Spanish jobless rate dips to 25.98% as recession ends

MADRID (AFP) - Spain announced on Thursday a dip in its towering unemployment rate in the latest sign that the eurozone's fourth-largest economy is battling its way out of a long recession.

The jobless rate eased for the second straight quarter to a still high 25.98 per cent in the third quarter of 2013, a report by the National Statistics Institute showed.

The news dovetailed with a Bank of Spain assessment the previous day that Spain had emerged from recession in the third quarter with timid 0.1-per cent economic growth.

That was enough to send world stock markets higher as investors hoped for a broader recovery in the eurozone after five years of economic crisis.

The number of people out of work in Spain dipped by 72,800 to 5.9 million in the third quarter, lowering the unemployment rate from the previous quarter's 26.26 per cent.

It was the second straight quarter showing a drop in the unemployment rate, which peaked at a staggering 27.16 per cent in the first three months of 2013.

Spain is still struggling to overcome the aftermath of a decade-long property bubble that imploded in 2008, throwing millions of people out of work, racking up huge debts for the government, banks and people, and plunging the economy into a double-dip recession.

Prime Minister Mariano Rajoy's right-leaning government, which took power in December 2011, has enacted economic reforms and austerity policies so as to curb annual deficits and rein in the national debt.

But the painful impact of the spending squeeze, high unemployment, and a slew of corruption scandals have sparked angry street protests.

For young people, the employment news remains bleak with 54.39 per cent of 16- to 24-year-olds out of work, according to the latest report.
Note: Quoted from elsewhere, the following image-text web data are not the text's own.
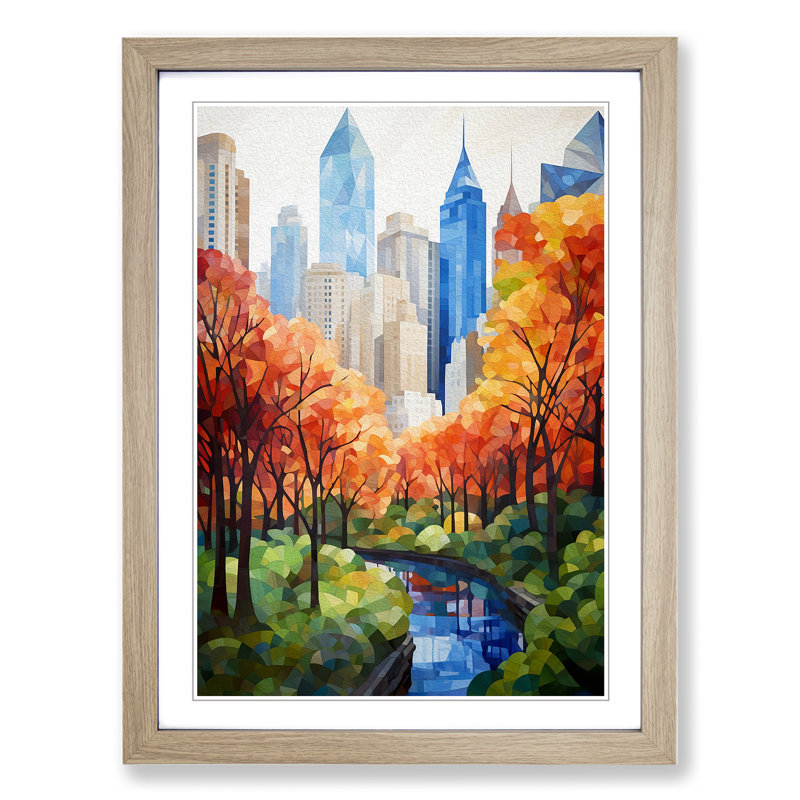 Central Park Geometric No.2 - Single Picture Frame Print on Wood, Oak Framed, 46cm H x 34cm W x 2cm D
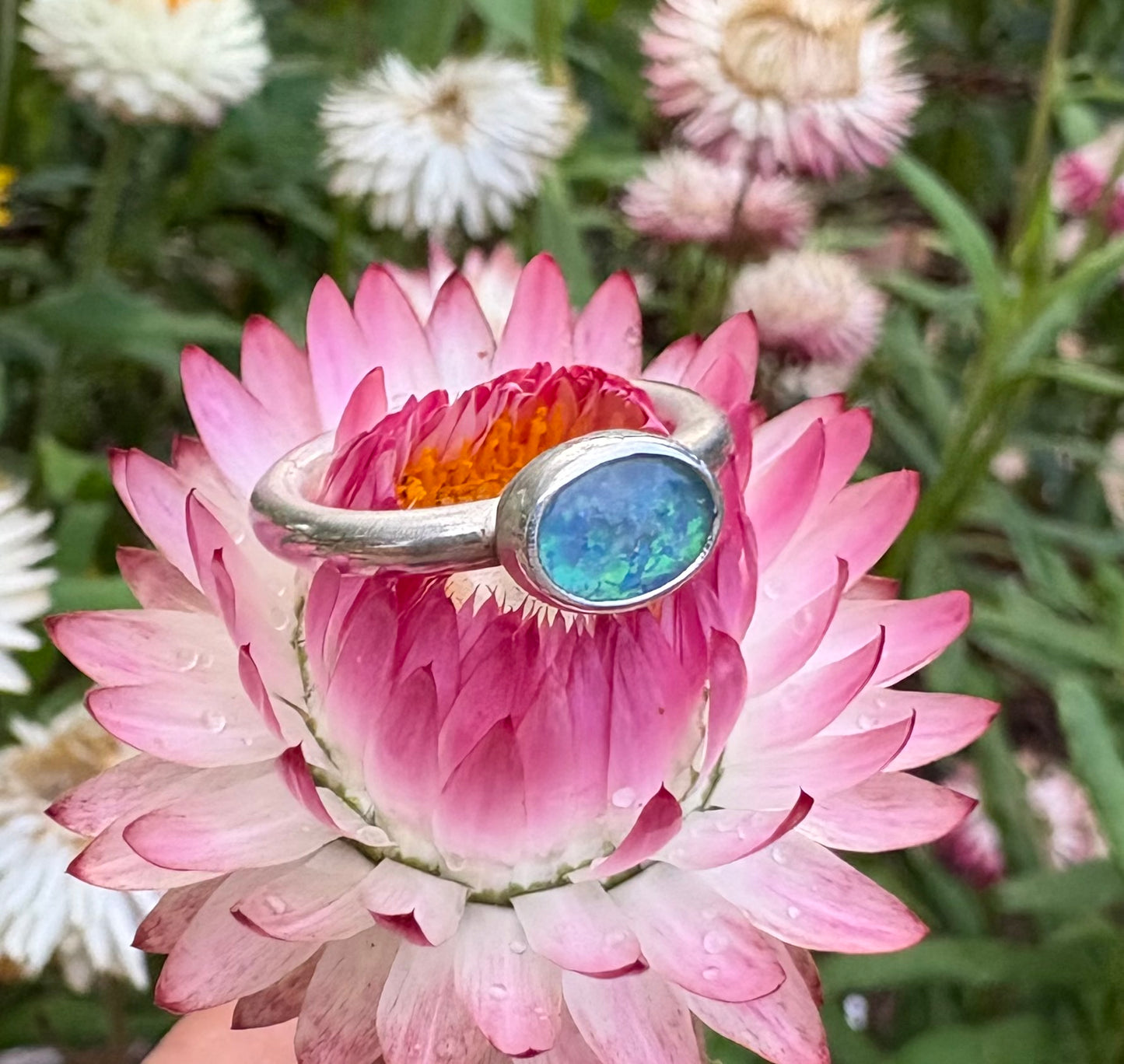 Opal Triplet Ring (Size 4.5)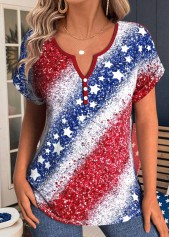 Blue American Flag Print Short Sleeve T Shirt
Every member of some 1.8 million Spanish households is out of work, it said.

Mr Rajoy's government is promising better times ahead, however, forecasting an overall economic decline in Spain of 1.3 per cent in 2013 and then a return to growth of 0.7 per cent over 2014.

It forecasts an unemployment rate of 26.6 per cent this year and 25.9 per cent in 2014.

The International Monetary Fund has warned that Spain's unemployment rate will stay above 25 per cent until 2018 unless Rajoy's government undertakes deeper labour market reforms.

The positive data from Spain - which was a focus of anxieties for the eurozone's stability last year - reflected signs of recovery in European countries hit by the financial crisis, such as Greece, Ireland and Portugal.

France, the eurozone's second-biggest economy, has confirmed that it exited recession in the second quarter.

A recent estimate by statistics institutes in France, Germany and Italy forecast that the eurozone overall would return to timid growth of 0.1 per cent in the third quarter.